I used to go trackside at least once a week if I had the time, but since 2013 I have photographed trains less and less. I choose locations differently, seeking out areas where the police don’t patrol often. When I do go trackside, I spend less time there. I am far more aware of my surroundings and look over my shoulder constantly. In short, I have become a more “suspicious” character, which is surely what the police would have wanted to avoid.
Rationally speaking, I have nothing to fear. I am a white, well-dressed, articulate male. My four railway books, my thousands of photographs, my website and even my MA thesis (on model trains) would prove beyond a shadow of a doubt that I am not plotting something and that my interest in trains is completely innocent. Further, last time I checked it was legal to stand on public property. (Both GO Transit and VIA Rail have gone on the record with me to confirm that they do not object to non-commercial photography). However, no amount of rational thought can counteract the emotional stress of handing over my ID to the police and waiting for them to process it, all while countless cars drive by, their occupants trying to guess how many laws I must have broken.
In his piece, Desmond Cole spoke about how every police car makes him edgy. I am the same. Even seeing an officer on point duty makes me tense. Cole is right: the more police stop you, the more you start to think you have done something wrong. The more I think I have done something wrong, the more my body language suggests that I have, which then makes me a target. But surely standing near the railway with a big Canon camera strap around your neck isn’t suspicious.
Then there is the element of chance. While the police have stopped me about a dozen times, they have also driven right by me dozens more times. There is obviously a fair amount of subjectivity in who the police decide to interact with. I think it is quite understandable that I feel like I have been picked on without good reason. Railfanning, as the police have confirmed to me during my interactions with them, is not a crime in Canada. If I am not breaking the law, why should I expect to be stopped?
I’m not sure what the future of railfanning is, but I am cautiously optimistic that the future of policing is going to change. Thanks in large part to Cole’s article and the increasing prevalence of cell phone video, mainstream media are beginning to openly question how the police are allowed to interact with the public. Even the mayor of Toronto has questioned the random stops.
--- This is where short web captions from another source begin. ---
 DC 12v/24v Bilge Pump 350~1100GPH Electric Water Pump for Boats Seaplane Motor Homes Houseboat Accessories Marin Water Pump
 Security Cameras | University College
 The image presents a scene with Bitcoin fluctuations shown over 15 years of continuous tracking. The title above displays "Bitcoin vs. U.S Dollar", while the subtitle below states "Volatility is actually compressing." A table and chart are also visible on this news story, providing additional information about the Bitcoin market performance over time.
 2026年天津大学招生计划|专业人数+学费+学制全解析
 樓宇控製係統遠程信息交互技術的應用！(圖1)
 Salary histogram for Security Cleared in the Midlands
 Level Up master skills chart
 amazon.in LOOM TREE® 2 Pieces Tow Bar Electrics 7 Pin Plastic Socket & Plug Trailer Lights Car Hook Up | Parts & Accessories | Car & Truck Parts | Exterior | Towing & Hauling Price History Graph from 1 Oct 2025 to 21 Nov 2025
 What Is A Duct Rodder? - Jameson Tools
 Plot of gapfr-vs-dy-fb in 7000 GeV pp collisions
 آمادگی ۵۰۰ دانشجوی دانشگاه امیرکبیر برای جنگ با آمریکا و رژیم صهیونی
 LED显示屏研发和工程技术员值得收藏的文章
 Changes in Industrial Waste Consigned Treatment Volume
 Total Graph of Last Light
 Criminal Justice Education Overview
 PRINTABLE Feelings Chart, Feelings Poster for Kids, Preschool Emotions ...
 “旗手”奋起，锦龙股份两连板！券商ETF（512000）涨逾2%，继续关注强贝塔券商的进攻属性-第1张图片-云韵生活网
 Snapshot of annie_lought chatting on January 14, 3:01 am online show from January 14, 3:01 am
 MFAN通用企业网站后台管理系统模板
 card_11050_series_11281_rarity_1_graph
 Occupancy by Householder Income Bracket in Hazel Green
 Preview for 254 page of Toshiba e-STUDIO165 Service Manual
It isn’t a crime to be black (at least I hope it isn’t) and no one should be stopped for walking down the street. It isn’t a crime to take photos of trains either. While I realize that there is a difference between the colour of one’s skin and what one chooses to do as a hobby, it is time for the police to recognize that most people are minding their own business. In recent years, police forces have lost the trust and respect of many in the community. Now they must work to rebuild that trust. We must also be ready to discuss how we want our police force (we pay them after all) to conduct themselves.